D’ailleurs, ce n’est sûrement pas un hasard si le Musée d’art contemporain de Montréal présentait en automne dernier deux œuvres de Kentridge. La vidéo intitulée Second-hand Reading (2013) se compose d’un enchaînement de dessins sur les pages du Shorter Oxford English Dictionary, tirés des corpus d’œuvres présentées au Zeitz MOCAA du Cap. Les thèmes de la violence et de la résilience teintent ces œuvres tout comme l’ensemble des préoccupations de Kentridge. Des dictionnaires, symboles de la connaissance, sont utilisés comme support à des dessins représentant des individus montrés de profil ou à des dessins plus réalistes reprenant des portraits de Kentridge lui-même.
Artiste pluridisciplinaire né à Johannesburg de parents juristes dont la mère était une militante anti-apartheid, il a choisi de demeurer en Afrique du Sud même après le retour de ses parents à Londres. Ayant étudié le théâtre avec le professeur de mime Jacques Lecoq, il a développé un langage visuel reflétant certaines caractéristiques de mises en scène théâtrales et de mouvements corporels efficaces, même dans leurs plus simples expressions. Si la sculpture de Kentridge reflète à première vue une préoccupation moderniste par son langage de courbes, ses finis incomplets et les matériaux utilisés, elle résulte aussi d’une grande sensibilité quant à l’utilisation de l’objet pour son pourvoir d’évocation. La sculpture de Kentridge, volet exceptionnel de son travail, quoique moins connue par rapport à ses films d’animation, a été prise en charge par la Fondation Norval. Le Zeitz MOCAA se concentre pour sa part sur les dessins, les installations – dont la plupart comprennent des films et des vidéos – et, de manière tout à fait unique, sur l’atelier de l’artiste, volet qui révèle une partie de sa démarche créative.
Plus spécifiquement, l’exposition du MOCAA présente des découpures de journaux, des dessins, des photographies, des objets, des livres et des disques provenant de la bibliothèque de l’artiste. Une partie de son atelier a été transportée dans l’exposition afin de bien faire sentir la manière dont il travaille. On peut y voir certains objets fétiches, tels que le porte-voix, des tables sur tréteaux, des échafaudages et des tapis. Pour l’artiste, le studio, l’endroit de construction de l’œuvre, se veut une métaphore de la manière dont se développe la connaissance et les points de vue qui en découlent.

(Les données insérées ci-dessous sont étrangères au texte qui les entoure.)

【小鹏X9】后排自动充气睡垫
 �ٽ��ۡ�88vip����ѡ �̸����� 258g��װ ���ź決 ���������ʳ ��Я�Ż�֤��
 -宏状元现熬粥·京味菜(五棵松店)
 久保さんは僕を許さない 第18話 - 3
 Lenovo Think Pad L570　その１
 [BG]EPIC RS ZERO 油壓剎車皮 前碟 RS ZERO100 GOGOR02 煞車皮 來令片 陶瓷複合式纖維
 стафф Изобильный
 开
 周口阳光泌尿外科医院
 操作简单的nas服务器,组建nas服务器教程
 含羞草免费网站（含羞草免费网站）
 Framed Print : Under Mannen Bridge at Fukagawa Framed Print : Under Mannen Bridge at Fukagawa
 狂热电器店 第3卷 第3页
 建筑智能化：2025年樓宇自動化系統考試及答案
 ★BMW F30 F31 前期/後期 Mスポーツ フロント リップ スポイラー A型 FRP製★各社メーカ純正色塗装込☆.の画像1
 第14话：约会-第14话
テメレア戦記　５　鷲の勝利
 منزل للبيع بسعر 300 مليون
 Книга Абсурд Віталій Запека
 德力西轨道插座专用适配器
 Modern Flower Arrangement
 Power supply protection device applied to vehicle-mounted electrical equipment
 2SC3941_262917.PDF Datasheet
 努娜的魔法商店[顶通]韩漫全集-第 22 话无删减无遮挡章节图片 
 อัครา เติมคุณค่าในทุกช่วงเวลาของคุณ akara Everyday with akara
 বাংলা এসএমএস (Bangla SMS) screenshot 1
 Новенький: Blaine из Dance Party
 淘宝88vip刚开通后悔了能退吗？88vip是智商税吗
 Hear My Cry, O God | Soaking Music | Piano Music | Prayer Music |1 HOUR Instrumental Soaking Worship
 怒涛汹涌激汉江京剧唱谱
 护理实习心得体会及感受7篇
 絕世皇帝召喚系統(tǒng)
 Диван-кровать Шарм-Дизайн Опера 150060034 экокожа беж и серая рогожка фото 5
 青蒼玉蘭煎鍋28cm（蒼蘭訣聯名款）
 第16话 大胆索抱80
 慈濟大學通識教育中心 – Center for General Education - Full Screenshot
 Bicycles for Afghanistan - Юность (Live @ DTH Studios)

En d’autres termes, le Musée expose ici le processus de construction du sens et les sources de la compréhension du monde. De cette manière, Kentridge interpelle le regardeur, l’invitant à faire son propre cheminement empreint de subjectivité. Les archives de la pensée et les éléments qui les construisent peuvent être vus comme autant de composantes que retient la mémoire pour créer une vision des choses. En montrant la multiplicité des possibles associations d’images ou d’objets, Kentridge met en scène l’incertitude et l’instabilité de la pensée. En toute humilité et vulnérabilité, il expose ainsi ses propres doutes.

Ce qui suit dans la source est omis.